Nonostante questo però, il suddetto blog è pieno, strapieno di collaborazioni: evidentemente per una persona (vale a dire io) che risponde picche perché la serietà aziendale vale molto più del “purché se ne parli”, ce ne sono altre cinque che non rifiutano la proposta, nonostante tutto. Il che fa partire una serie di quesiti: le aziende danno almeno una sbirciatina a questi blog? Controllo qualità, anyone? Non credo e non voglio credere di essere l’unica a farsi degli scrupoli.

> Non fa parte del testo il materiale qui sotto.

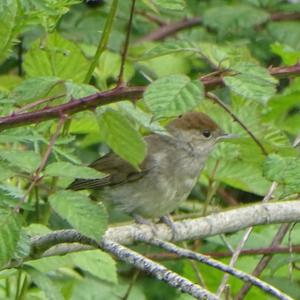 Blackcap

Dal momento che sono autolesionista e non mi è bastato vedere la neve cadere per dire “ma anche no”, ho voluto ad ogni costo approfondire leggendomi qualche post, ed ecco qua: si tratta di una sequela infinita di collaborazioni, dei generi più disparati: perché si va da quei famosi biscotti usati per la cheesecake alle marmellate, dall’aggeggio per fare la pipì in piedi anche se si è femmine (lo so, lo so) ai siti che vendono arte sacra (giuro), creazioni in fimo (alla parola “orecchine natalizie” volevo morire) fino ai prodotti per pulire casa. Ecco, non so gli altri, ma io non lavoro così. Alla faccia della coerenza poi! Di sicuro io non voglio che la mia azienda finisca in un sito dove si parla di pipì, mi sembra ovvio.

Credo che ora mi sia chiaro perché, soprattutto durante i primi anni di attività del blog, provassi un lieve imbarazzo nel dire che, appunto, tra le mie attività è presente anche quella di blogging. D’altronde se in Italia “blogger” è sinonimo di fancazzista è anche merito di queste collaborazioni poco riuscite, nate perché evidentemente è troppo faticoso prendersi la briga di andare a controllare se il blogger che ha inviato la richiesta è in linea con il target aziendale e se possa essere in grado di apportare un reale beneficio. Magari alle suddette aziende basta vedere il ranking (non escludo che questo specifico blog ed altri altrettanto sfigati abbiano molte visite, ma vi dirò un segreto: è sufficiente spammare. Oppure è molto facile che alle persone venga un colpo durante la visualizzazione dei suddetti blog e diventi improvvisamente incapace di chiudere la pagina, eludendo così l’incubo noto come bounce rate), senza valutare la qualità dei contenuti. E allora preferisco mille volte essere di nicchia, avere un prodotto che di certo non mi può pagare da vivere ma in cui tendenzialmente parlo di quello che mi pare, anche se capita anche a me di collaborare e, a fine giornata, riuscire a guardarmi allo specchio perché no, nemmeno oggi sono stata costretta a parlare di aggeggi per fare la pipì.